Got home Friday night after work and had a pleasant surprise, My Wife suprised me with Thomas Graham’s Aurora Slot Cars book that she ordered from Amazon. For those who have not had the pleasure of reading this book, I would suggest you get it. This book is fascinating on the complete history of Aurora. Read the whole thing over the weekend.
Dave


----------



## ParkRNDL (Mar 20, 2002)

Yeah, I've spent HOURS poring over that book, must have read it a hundred times.
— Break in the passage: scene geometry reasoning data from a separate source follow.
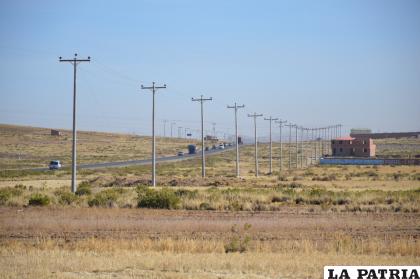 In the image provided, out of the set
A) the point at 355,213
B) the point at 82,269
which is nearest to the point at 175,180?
the point at 355,213

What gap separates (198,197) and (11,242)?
19.7 meters

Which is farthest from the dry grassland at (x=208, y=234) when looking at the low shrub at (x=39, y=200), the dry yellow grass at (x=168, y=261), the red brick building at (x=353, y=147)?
the red brick building at (x=353, y=147)

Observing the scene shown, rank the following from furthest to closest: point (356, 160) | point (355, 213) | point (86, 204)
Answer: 1. point (356, 160)
2. point (86, 204)
3. point (355, 213)

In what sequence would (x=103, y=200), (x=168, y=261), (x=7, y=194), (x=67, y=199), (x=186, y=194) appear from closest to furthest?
(x=168, y=261) → (x=103, y=200) → (x=67, y=199) → (x=7, y=194) → (x=186, y=194)

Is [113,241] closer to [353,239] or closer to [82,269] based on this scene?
[82,269]

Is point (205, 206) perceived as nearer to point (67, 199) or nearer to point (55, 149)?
point (67, 199)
I still take it with me if I know I'm gonna be in a waiting room somewhere for a while. Makes me feel like I missed out on the great days of slot cars by being born too late, LOL.

--rick


----------



## Dslot (Sep 2, 2007)

*The Poni-Tails*

This is for you, Rick.

But you probably don't remember these little gals, either.


----------



## ParkRNDL (Mar 20, 2002)

'Course I remember it. My dad had that in his shoebox of old 45's. :thumbsup:

--rick


----------



## Dslot (Sep 2, 2007)

ParkRNDL said:


> 'Course I remember it. My dad had that in his shoebox of old 45's. :thumbsup: --rick


Ouch.

-- D


----------



## ParkRNDL (Mar 20, 2002)

Dslot said:


> Ouch.
> 
> -- D


Zing!!! Hey man, I was just funnin'. :hat:

--rick


----------



## Dslot (Sep 2, 2007)

Ditto, Rick. 

Just playin' along. No offense taken. 

I'm at that stage when being an O.F. is still an amusing novelty. 
Not sure how I'll feel about it in ten years, but for now -- 









nyah, I remember when vibes were cutting-edge technology, y' whippersnappers!

-- D


----------



## A/FX Nut (May 28, 2004)

I've got this book also. I bought it in 1997 and it's wearing out. 

Lots of good info and stories. My favorite is the one about getting sponsership money for the Ford Aurora Grand National.

Randy.


----------